• **Data for the task**
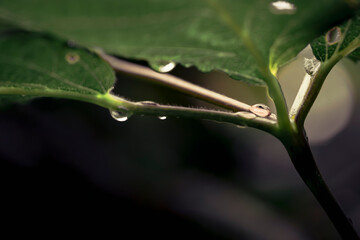 Rain falling on plant in Macro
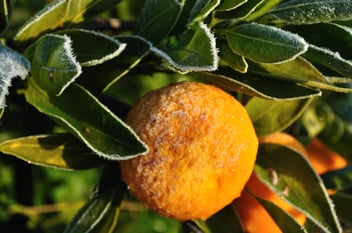 frost damage in citrus orchard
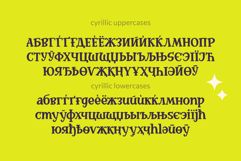 Holiday Carnival | A Playful Display Serif Product Image 8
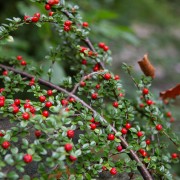 Irga płożąca (Cotoneaster procumbens)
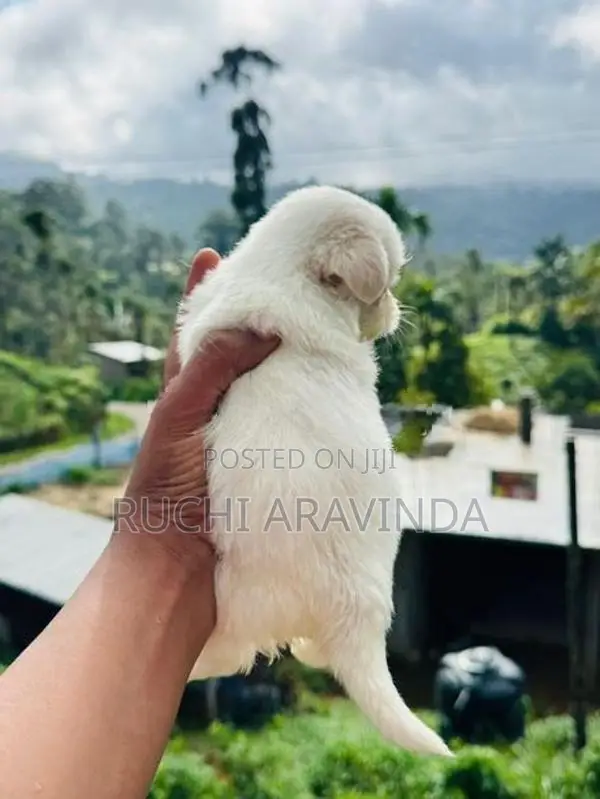 Shih Tzu Puppies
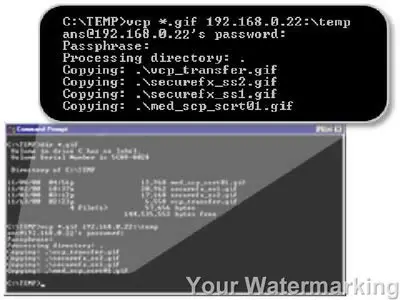 VanDyke ClientPack 6.1.1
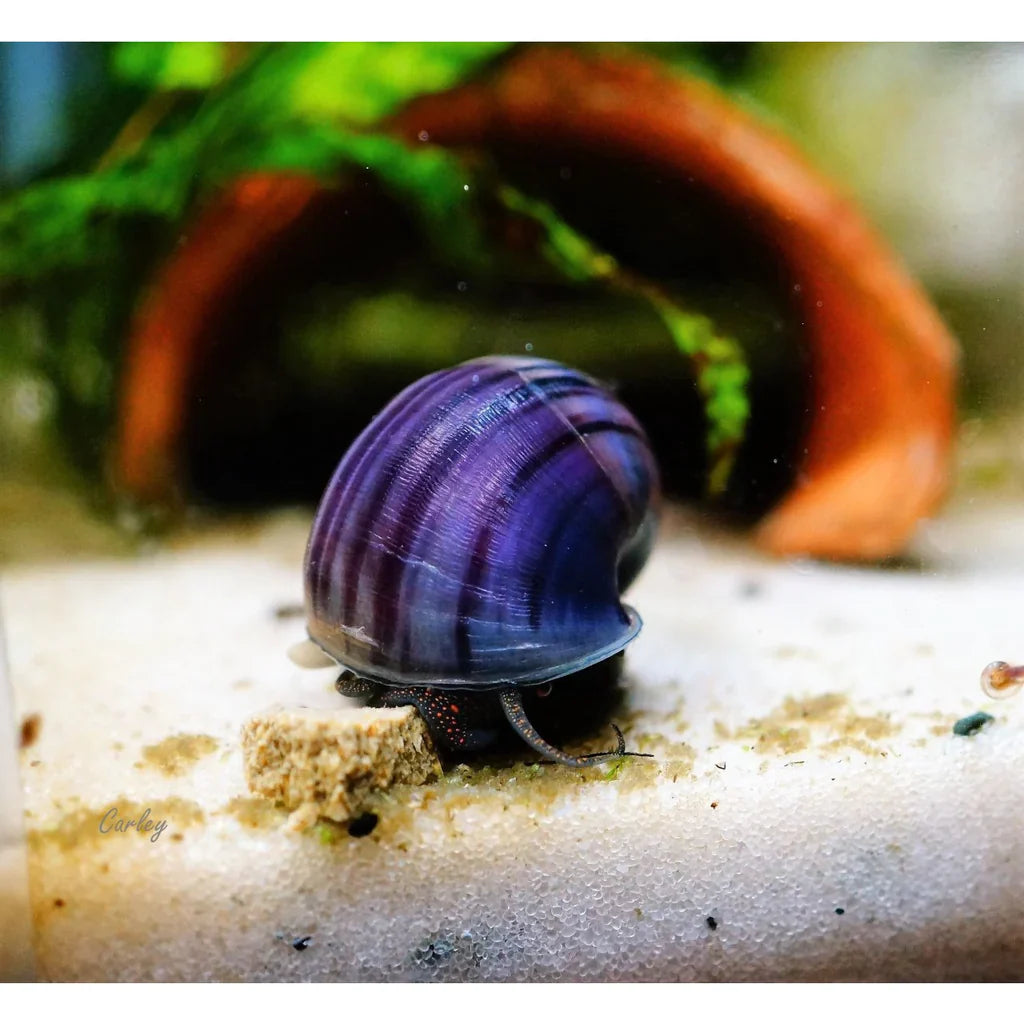 Purple Mystery Snail
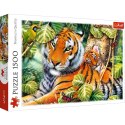 Puzzle Trefl Dwa tygrysy 1500 el. (26159)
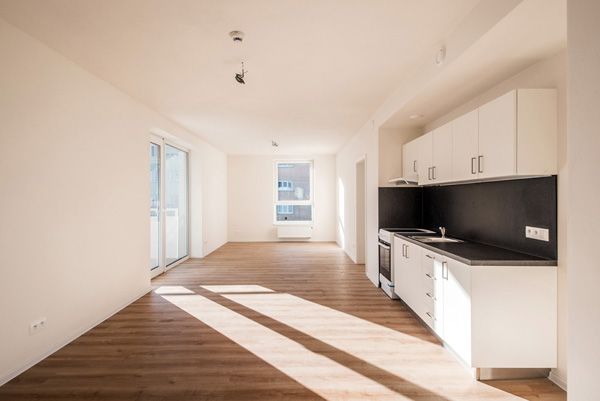 Rudiš-Rudiš architektonická kancelář / dům se sociálními byty a knihovnou / Brno / 2021 / XLIX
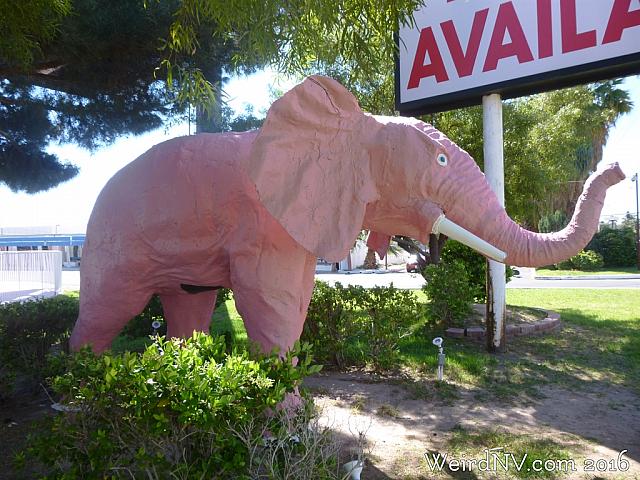 pinkelephant08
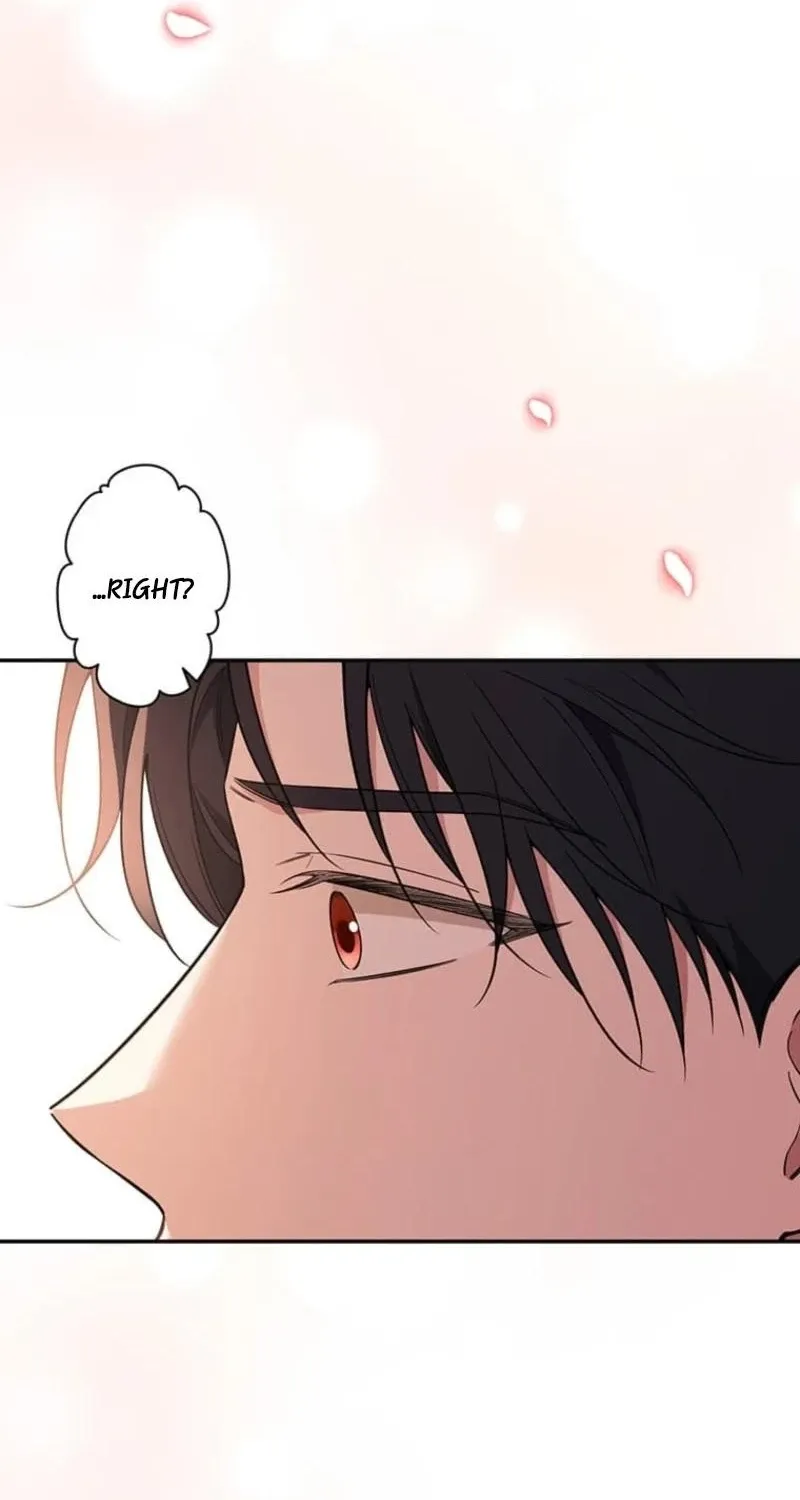 Read Migawari Hanayome chapter 12 image 147 on Lezhin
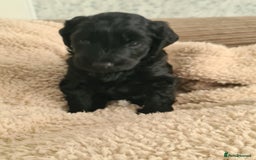 Labradoodle dogs for sale: Rare Roan Ebony Tiny/Mini Labradoodlese Puppies  - Image 31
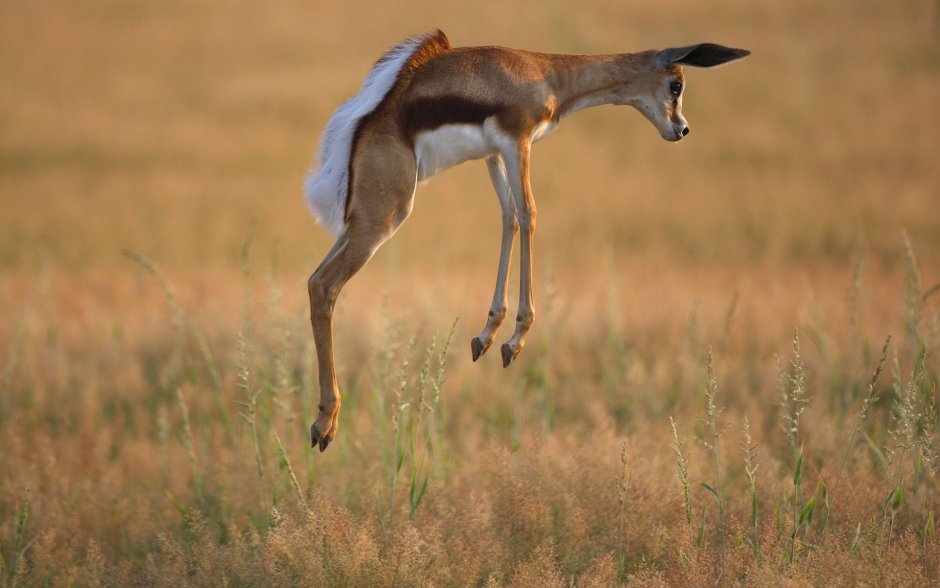 Грациозный олень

• **Task item**
Could the listing above be transcribed exactly, with the pictures left out?

• **Result of this task**
 Rain falling on plant in Macro
 frost damage in citrus orchard
 Holiday Carnival | A Playful Display Serif Product Image 8
 Irga płożąca (Cotoneaster procumbens)
 Shih Tzu Puppies
 VanDyke ClientPack 6.1.1
 Purple Mystery Snail
 Puzzle Trefl Dwa tygrysy 1500 el. (26159)
 Rudiš-Rudiš architektonická kancelář / dům se sociálními byty a knihovnou / Brno / 2021 / XLIX
 pinkelephant08
 Read Migawari Hanayome chapter 12 image 147 on Lezhin
 Labradoodle dogs for sale: Rare Roan Ebony Tiny/Mini Labradoodlese Puppies  - Image 31
 Грациозный олень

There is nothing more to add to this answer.